Power supplies, forming an integral part of almost every electronic system, are now a significant market in their own right, and one which is growing at a tremendous rate.
For many years, power supply designs have consisted of complex combinations of analog and power semiconductor components, with that complexity increasing more recently as the proportion of switched-mode power supplies (SMPS) grows, taking over from traditional linear designs. In fact, by current estimates, more than half of the revenue for power supply producers worldwide is now generated by the sale of switched-mode supplies.
A switched-mode supply can offer many advantages over a linear supply, such as dramatically increased efficiency, wider operating ranges, lower cost and smaller size, particularly for higher wattage applications. However, the many advantages of a switched-mode supply have now become the normal expectations of power supply performance, and designers are increasingly looking to digital control loop implementations to offer even greater efficiency and performance, as well as reducing component count, increasing manufacturability and reliability, and allowing the addition of advanced features.
What is a switched-mode power supply?
An SMPS can be used for both AC to DC conversion and also for DC to DC conversion applications such as uninterruptible power supplies (UPS).
The traditional, linear design for AC to DC converters uses a large (and heavy) transformer to step down the incoming AC. This lower voltage is then converted to DC, typically using diode rectification (with its inherent losses). The rectified voltage is then filtered using large filter capacitors and inductors as required.
A switching AC to DC supply converts the incoming AC to lightly-filtered DC and then ‘chops’ this DC voltage at high frequencies. The pulse width of the ‘chopped’ DC signal is controlled by feedback from the output, to regulate the overall output voltage of the supply. This control method is therefore known as pulse width modulation (PWM). The high frequency chopped signal is then applied to a smaller transformer to step down the voltage. The transformer can be much smaller due to the high frequency of the chopped DC signal. This low voltage, high frequency output of the transformer is then rectified. The rectification is sometimes achieved using synchronised FETs rather than diodes to minimise losses. In addition, because the ripple frequency is high, much smaller filter capacitors and inductors can be used.
Switched-mode power supply control methods
Within a switched-mode supply, the control loop that drives the PWM (the ‘chopper’) and the synchronous FETs is typically accomplished using analog techniques. It has long been possible to replace these analog techniques with some form of digital control, but until recently, the techniques and components have been too expensive for all but the most specialised applications.
As a result, most expert SMPS designers remain unfamiliar with digital control techniques, since they have been developing increasingly divergent and esoteric analog circuits to try and remain cost-effective while achieving a competitive edge in their own particular market.

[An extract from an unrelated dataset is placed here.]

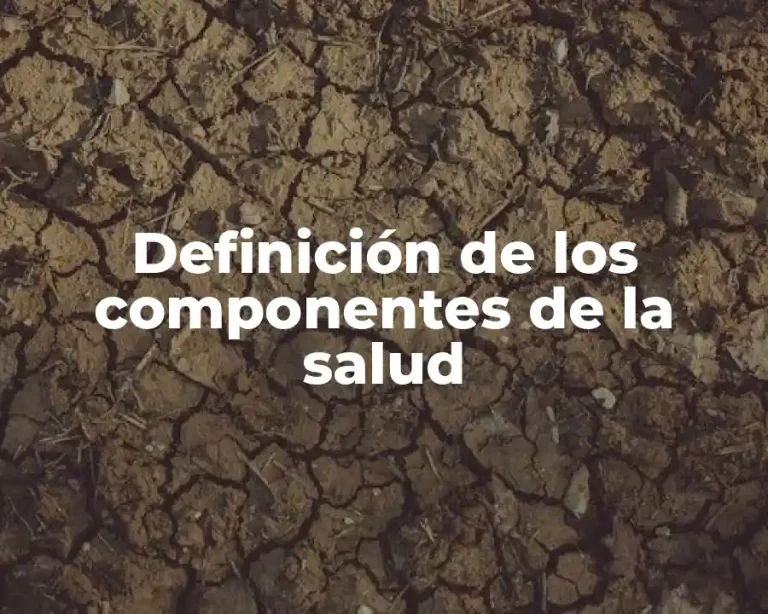 Definición de los componentes de la salud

Microcontrollers in power supply designs
Outside of the control loop functions, simple microcontrollers have already found their way into many SMPS designs to provide control, monitoring, deterministic functions and communication (usually based on I²C – such as the emerging PMBus standard for example).
At the simplest level, microcontrollers can provide many ‘on/off’ deterministic functions within the power supply system such as soft-starting, start-up sequencing, voltage monitoring and fault detection/recovery. Some SMPS designs use a microcontroller to supervise the control loop, by providing proportional control of an existing, dedicated power supply controller device.
More advanced microcontrollers, specifically targeted at the power supply market, can provide mixed-signal, on-chip resources to assist in minimising the overall component count and to take a more active role in controlling the topology of the SMPS control loop. However, in all of these instances, the control loop itself remains an analog function, since microcontrollers simply do not have the processing performance to effectively manage the loop digitally.
The advantages of a digital control loop
The implementation of a switched-mode power supply using a fully-digital control loop can, however, bring many advantages over analog-based designs.
The ability to rapidly support differing customer requirements (such as capacitive or inductive loads) can be provided by simple software customisation of the supply’s response characteristics. Software configurability can give the ability to support different supply topologies with a common hardware platform, or even modify the system topology on the fly, based on an input voltage such as a decreasing battery supply. Systems can also be supported with firmware upgrades in the field.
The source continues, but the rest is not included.